En este escenario, el paso atrás del sustituto Quim Torra y el adelanto electoral en Cataluña parece estar cada vez más cerca. Puigdemont, que ya habría alquilado la simbólica casa en la que Francesc Macià vivió exiliado durante la dictadura de Primo de Rivera, según publicó El Confidencial, parece dispuesto a hacer campaña en Catalunya Nord. Los independentistas reclaman el territorio del Sur de Francia donde se encuentra Perpignan como parte de lo que denominan Países Catalanes. De ahí que este jueves, después de conocer la sentencia del TJUE, el ex presidente catalán afirmara que «la próxima reunión la haremos en Cataluña».

Llarena quiere mantener la orden nacional

El líder de Junts per Catalunya busca similitudes con el pasado independentista de su región que le sitúan a un paso de alzarse como el president que vuelve a salvarla; a un paso de pronunciar la ya célebre frase «Ciutadans de Catalunya: Ja soc aquí» que Josep Tarradellas pronunció el 23 de octubre de 1977 a su vuelta del exilio franquista con la reinstauración de la Generalitat.

La diferencia entre Tarradellas y Puigdemont es que el primero estuvo exiliado por la dictadura de Franco y Puigdemont se ha fugado de la Justicia para no sentarse en el banquillo

La diferencia entre Tarradellas y Puigdemont es que el primero estuvo exiliado por la dictadura de Franco y Puigdemont se ha fugado de la Justicia para no sentarse en el banquillo del Tribunal Supremo y ser juzgado y condenado, como Junqueras, por los delitos de sedición y malversación por los que sí está procesado.

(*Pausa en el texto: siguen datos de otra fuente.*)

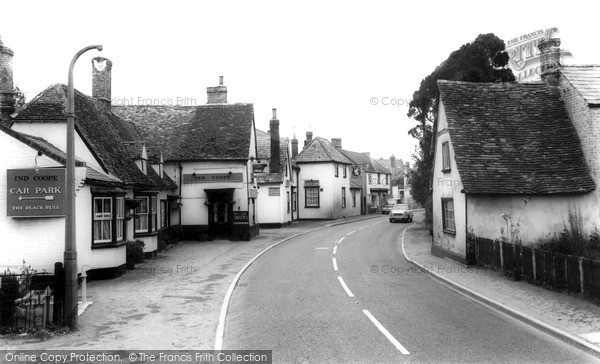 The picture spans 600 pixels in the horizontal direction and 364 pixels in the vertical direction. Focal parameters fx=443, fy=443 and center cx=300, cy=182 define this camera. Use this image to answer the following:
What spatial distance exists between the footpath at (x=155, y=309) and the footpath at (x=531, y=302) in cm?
707

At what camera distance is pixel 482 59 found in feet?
90.8

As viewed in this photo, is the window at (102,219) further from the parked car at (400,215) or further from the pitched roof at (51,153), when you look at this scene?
the parked car at (400,215)

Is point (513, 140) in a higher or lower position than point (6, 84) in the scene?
lower

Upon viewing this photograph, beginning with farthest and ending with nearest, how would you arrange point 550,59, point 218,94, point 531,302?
point 218,94 → point 550,59 → point 531,302

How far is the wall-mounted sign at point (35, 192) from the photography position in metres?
13.9

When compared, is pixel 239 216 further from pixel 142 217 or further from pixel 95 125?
pixel 95 125

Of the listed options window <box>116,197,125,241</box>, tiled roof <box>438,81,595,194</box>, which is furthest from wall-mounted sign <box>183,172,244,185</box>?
tiled roof <box>438,81,595,194</box>

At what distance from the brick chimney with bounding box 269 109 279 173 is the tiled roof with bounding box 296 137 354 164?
30.5ft

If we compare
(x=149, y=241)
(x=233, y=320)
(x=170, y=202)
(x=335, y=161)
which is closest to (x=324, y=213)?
(x=335, y=161)

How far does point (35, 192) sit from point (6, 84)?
5.65 m

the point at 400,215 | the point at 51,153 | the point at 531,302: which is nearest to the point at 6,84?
the point at 51,153

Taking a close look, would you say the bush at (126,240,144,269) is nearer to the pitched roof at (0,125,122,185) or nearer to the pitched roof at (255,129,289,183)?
the pitched roof at (0,125,122,185)

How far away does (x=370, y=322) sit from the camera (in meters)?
10.1

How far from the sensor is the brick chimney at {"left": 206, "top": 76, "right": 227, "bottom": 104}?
113 feet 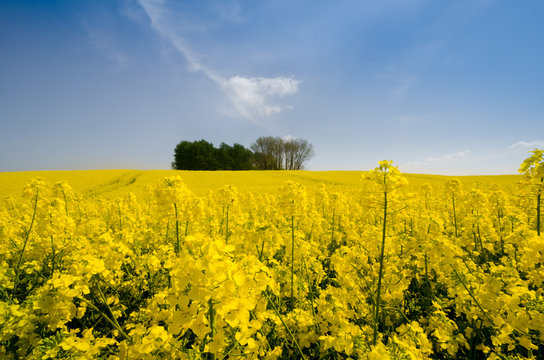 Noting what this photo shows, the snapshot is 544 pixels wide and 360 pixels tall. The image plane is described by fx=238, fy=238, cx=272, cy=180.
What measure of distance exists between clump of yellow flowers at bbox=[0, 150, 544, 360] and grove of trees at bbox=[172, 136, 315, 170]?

El instructor del procés en el Supremo, Pablo Llarena, quiere mantener la orden de detención contra Carles Puigdemont en España. Estudia hacerlo, según fuentes consultadas por El Independiente, basándose en asegurar el juicio pendiente contra él.

Si Puigdemont pone un pie en España, el juez estudia si podría ordenar su detención y envío a prisión provisional para evitar su fuga. Precisamente la sentencia del TJUE especifica que «si el tribunal nacional competente considera necesario mantener la medida de prisión provisional, ha de solicitar a la mayor brevedad al Parlamento Europeo que suspenda dicha inmunidad», lo que se conoce como suplicatorio.

Los tribunales de cada país pueden justificar dicha necesidad de suspender la inmunidad porque el diputado haya incurrido en delitos flagrantes. Es en este escenario, con una prisión provisional previamente acordada, en el que Llarena valora dirigir un suplicatorio al Parlamento Europeo para dar a la Justicia española la posibilidad de juzgar a Puigdemont, en caso de que decidiera venir a España, a pesar de su inmunidad.